#### Exercise goal:
Once you find the line with "this 1344×896 image." in the listing below, please repeat it and every later line exactly, through the last one, without pictures.

#### Recorded data:
····················

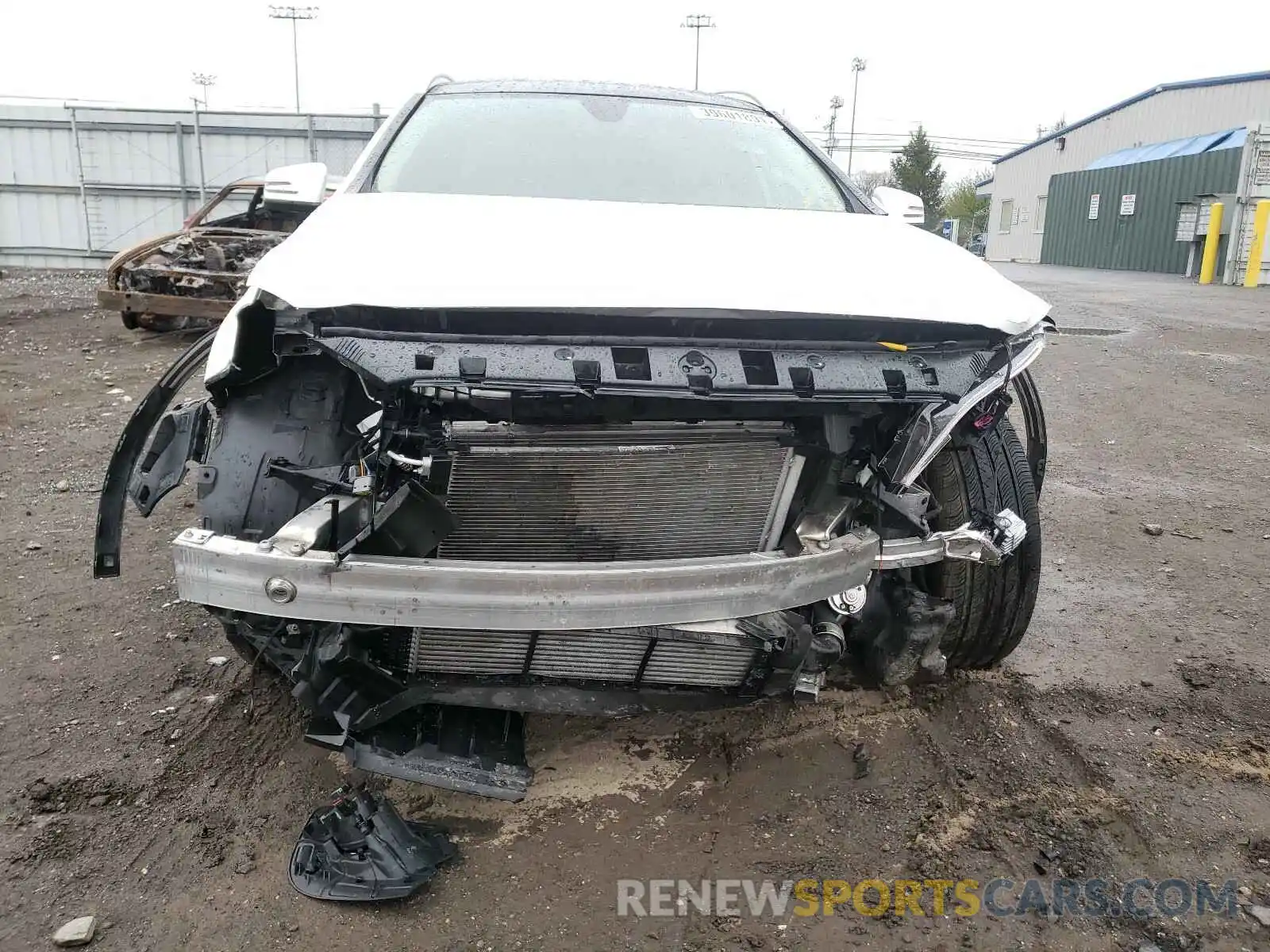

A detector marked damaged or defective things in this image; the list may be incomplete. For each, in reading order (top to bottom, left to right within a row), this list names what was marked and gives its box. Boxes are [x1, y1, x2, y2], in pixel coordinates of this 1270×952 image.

burnt rusted car [97, 170, 333, 332]
rusted car hood [248, 191, 1051, 335]
white damaged suv [94, 82, 1051, 802]
damaged front end [94, 297, 1051, 797]
broken plastic debris [291, 787, 457, 904]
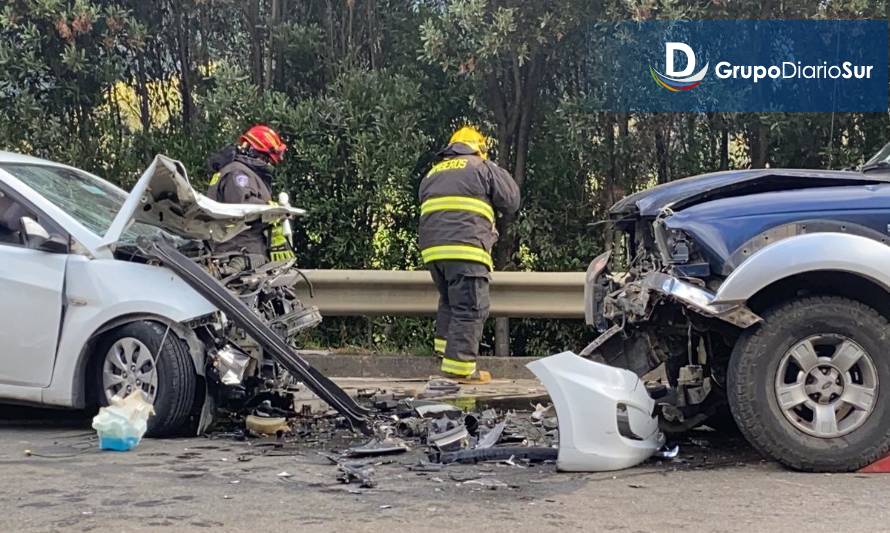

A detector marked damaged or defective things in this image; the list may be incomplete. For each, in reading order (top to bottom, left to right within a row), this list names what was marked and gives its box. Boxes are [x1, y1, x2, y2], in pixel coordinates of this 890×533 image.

broken windshield [1, 162, 160, 241]
crumpled car hood [99, 154, 304, 249]
crumpled car hood [608, 166, 884, 216]
severely damaged white car [0, 152, 366, 434]
detached front bumper [584, 251, 756, 330]
severely damaged blue truck [584, 144, 890, 470]
torn metal panel [524, 354, 664, 470]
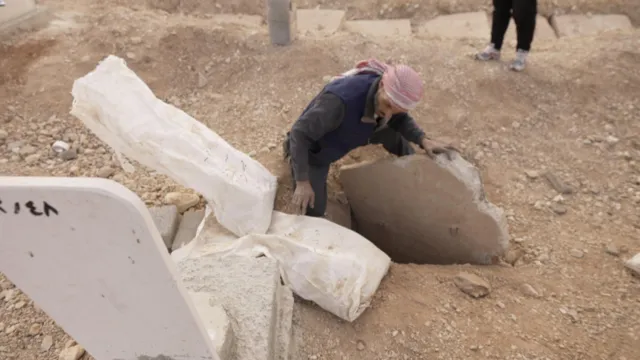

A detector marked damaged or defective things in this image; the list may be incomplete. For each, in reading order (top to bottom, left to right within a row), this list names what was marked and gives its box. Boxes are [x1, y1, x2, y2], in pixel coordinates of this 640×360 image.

broken white gravestone [0, 177, 222, 360]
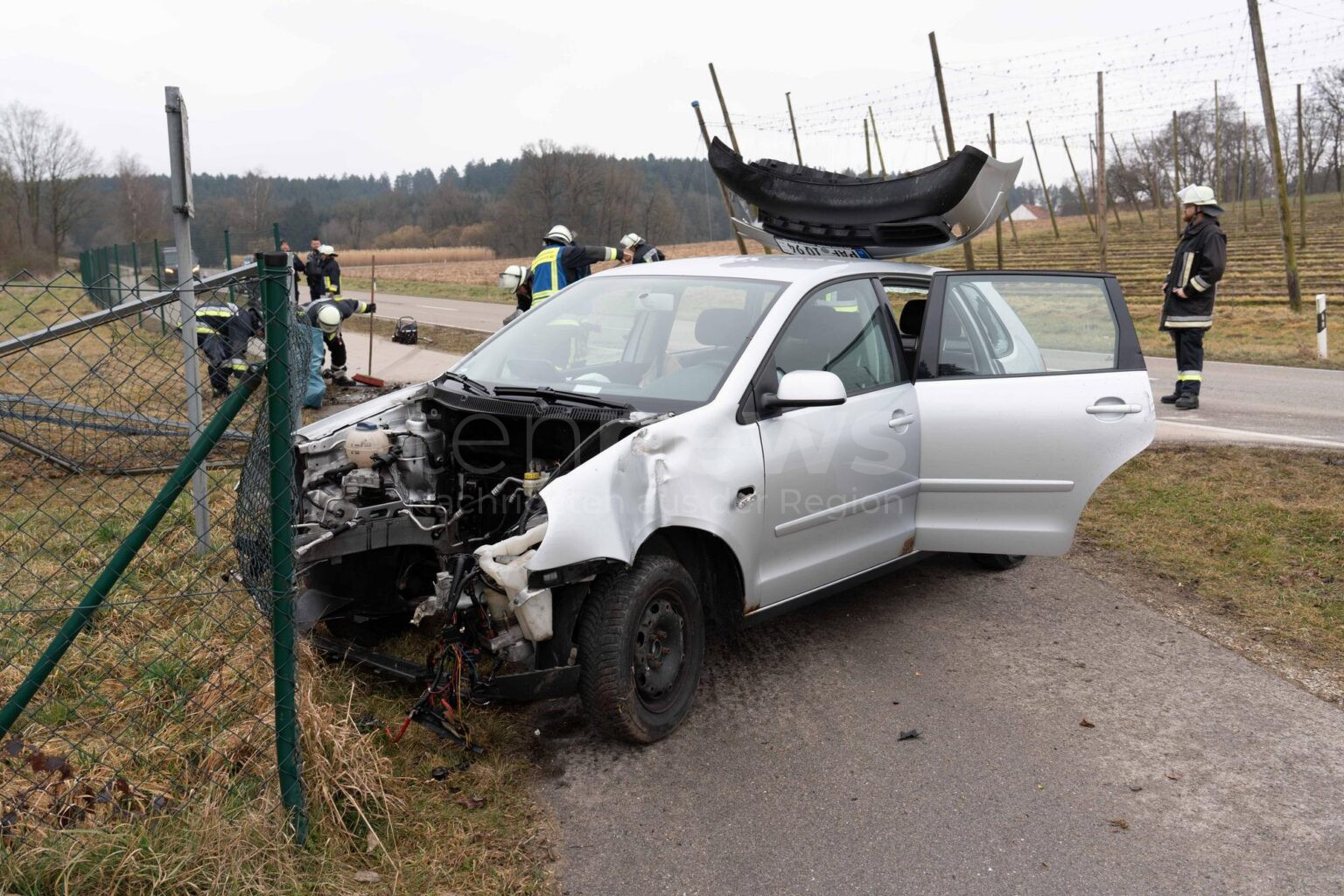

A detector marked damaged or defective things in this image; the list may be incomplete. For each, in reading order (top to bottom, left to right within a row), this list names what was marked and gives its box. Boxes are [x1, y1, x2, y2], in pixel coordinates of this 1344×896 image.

damaged front end [291, 375, 658, 741]
crumpled fender [527, 408, 763, 583]
crashed silver car [289, 149, 1150, 752]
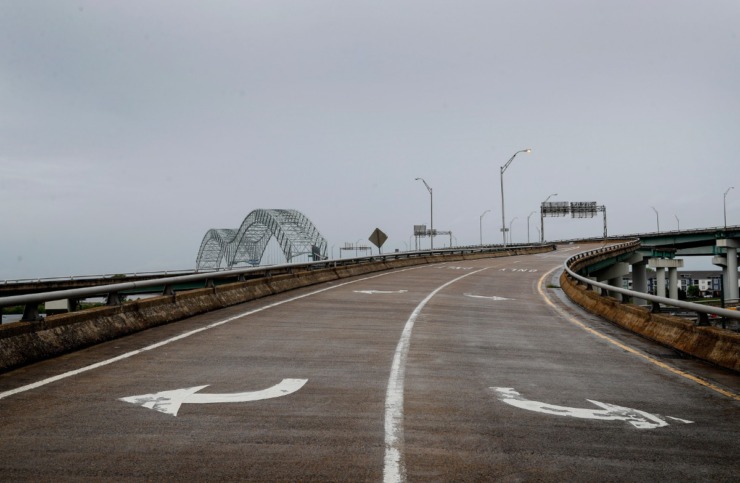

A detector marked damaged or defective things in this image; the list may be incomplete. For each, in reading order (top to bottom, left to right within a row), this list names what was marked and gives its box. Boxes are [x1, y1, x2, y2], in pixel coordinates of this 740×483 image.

rusty concrete barrier [0, 248, 556, 372]
rusty concrete barrier [560, 270, 740, 372]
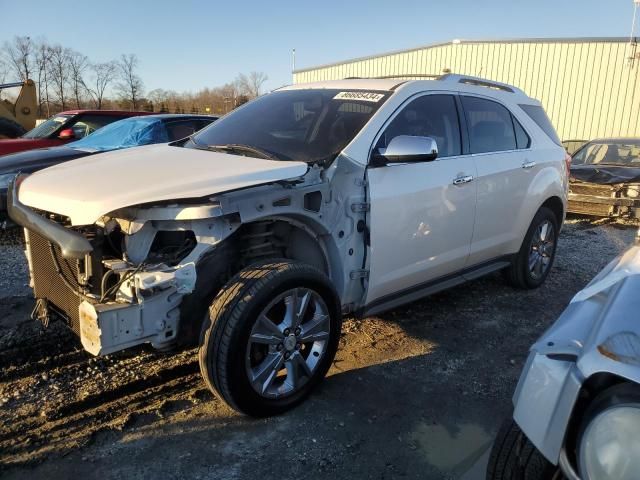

····················

#### Solved problem:
A detector marked damaged or defective things in this image; the list may be incomplete. For each, in reading order (top to bottom, left to right within a row), this list names what was marked and gives its box. Boxes are [x1, y1, x2, y2], in pixel coordinates of this 1344×896 image.

damaged front end [291, 375, 658, 741]
crumpled fender [527, 408, 763, 583]
crashed silver car [289, 149, 1150, 752]

A detector marked damaged or defective things in this image; the list may be incomplete. For each, in reading order (top to bottom, left to right within a row), this list names what was marked and gives its box. Boxes are [x1, y1, x2, y2], in pixel coordinates of this 740×483 image.

rusty concrete barrier [0, 248, 556, 372]
rusty concrete barrier [560, 270, 740, 372]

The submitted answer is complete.